▸ PROVIDED MATERIAL

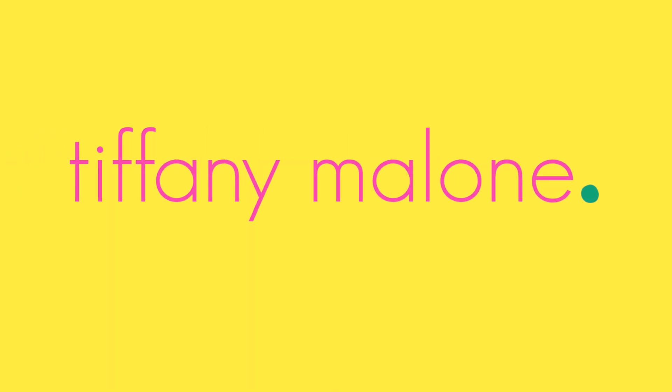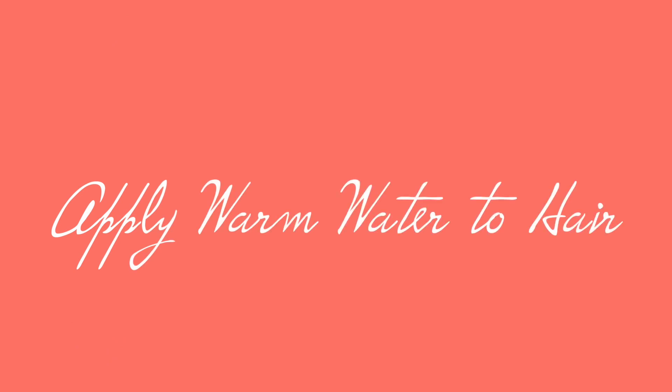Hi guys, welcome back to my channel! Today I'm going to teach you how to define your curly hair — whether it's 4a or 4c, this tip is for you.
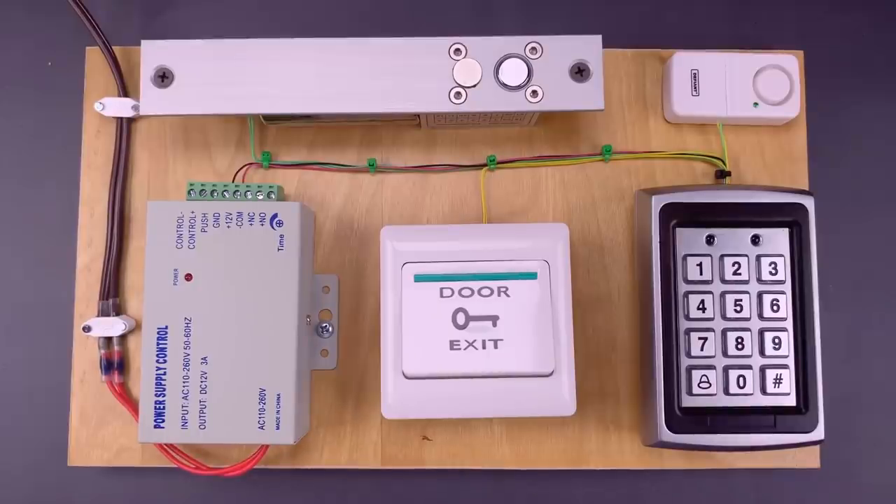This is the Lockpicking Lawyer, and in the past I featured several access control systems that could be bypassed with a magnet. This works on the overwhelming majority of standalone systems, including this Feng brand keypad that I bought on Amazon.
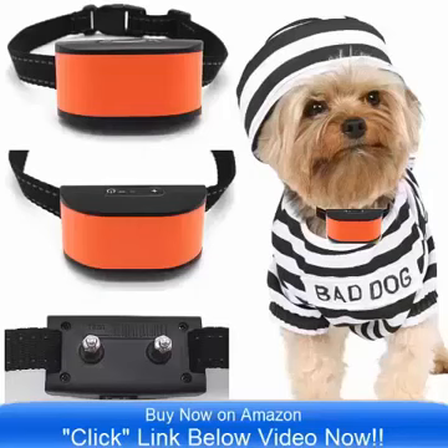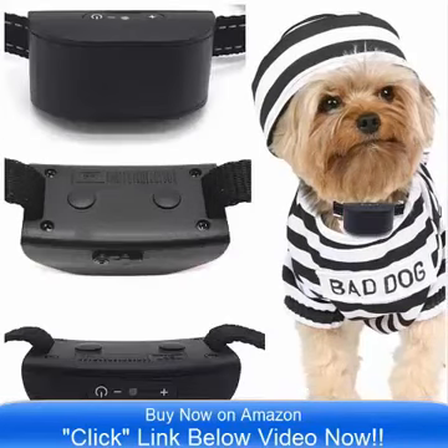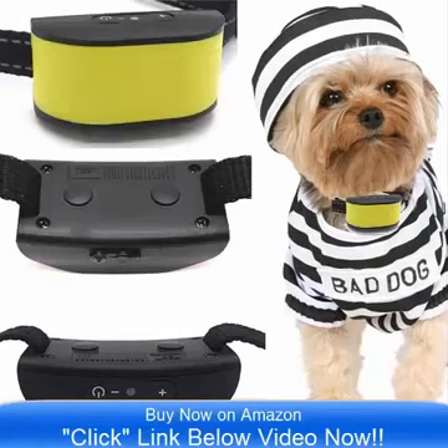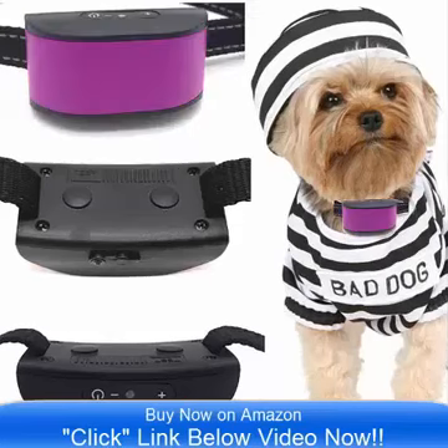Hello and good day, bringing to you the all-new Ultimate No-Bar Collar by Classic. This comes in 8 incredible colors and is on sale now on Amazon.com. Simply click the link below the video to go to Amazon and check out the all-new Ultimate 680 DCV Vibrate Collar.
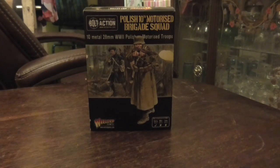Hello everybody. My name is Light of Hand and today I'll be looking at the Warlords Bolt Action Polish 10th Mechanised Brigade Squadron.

==

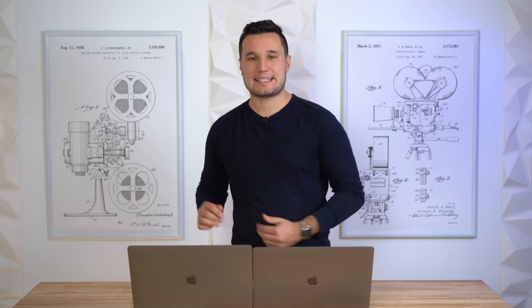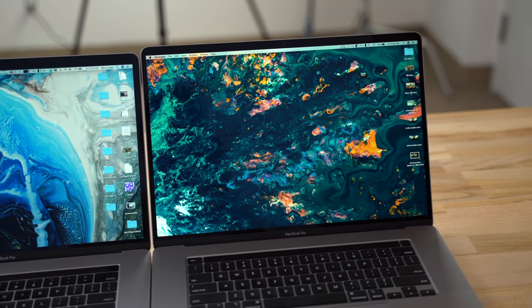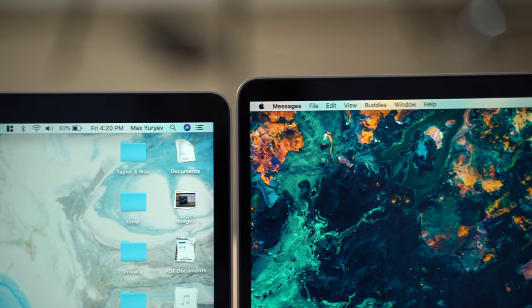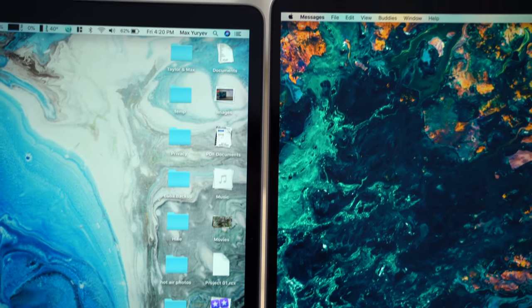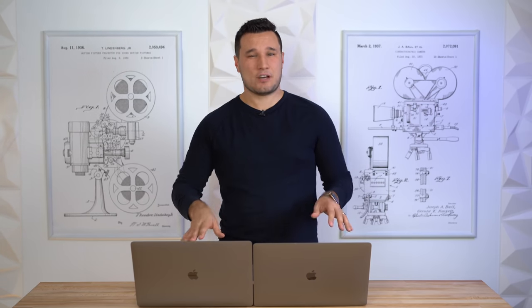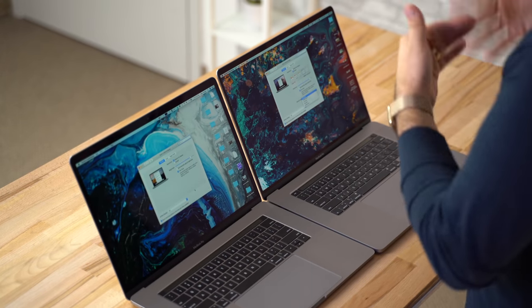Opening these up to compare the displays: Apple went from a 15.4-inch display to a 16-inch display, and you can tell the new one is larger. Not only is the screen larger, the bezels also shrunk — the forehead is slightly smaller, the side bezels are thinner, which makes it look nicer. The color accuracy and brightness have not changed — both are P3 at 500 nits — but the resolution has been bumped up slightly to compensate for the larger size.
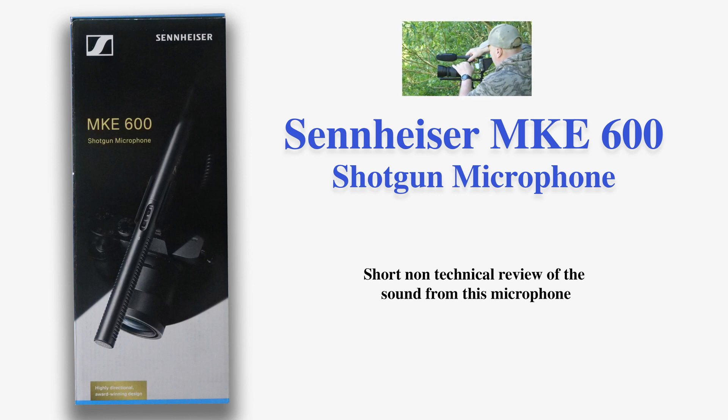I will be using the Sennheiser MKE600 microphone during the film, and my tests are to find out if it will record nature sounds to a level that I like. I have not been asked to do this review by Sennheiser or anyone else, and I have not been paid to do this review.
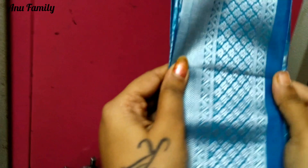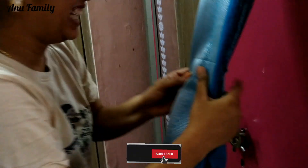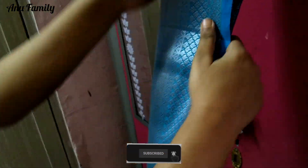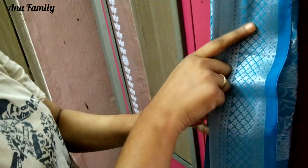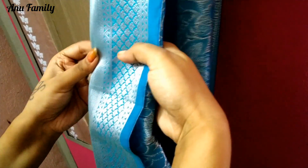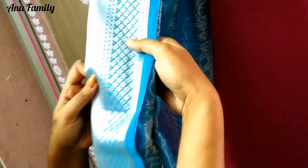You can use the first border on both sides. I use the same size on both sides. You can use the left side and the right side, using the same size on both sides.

▸ ASSIGNED TASK
With the pictures left out, write out exactly the lines above from the one containing "Hi guys, welcome" through the one containing "This is the".

▸ ANSWER TO THIS PROBLEM
Hi guys, welcome back to my channel! Today I'm going to teach you how to define your curly hair — whether it's 4a or 4c, this tip is for you.
This is the Lockpicking Lawyer, and in the past I featured several access control systems that could be bypassed with a magnet. This works on the overwhelming majority of standalone systems, including this Feng brand keypad that I bought on Amazon.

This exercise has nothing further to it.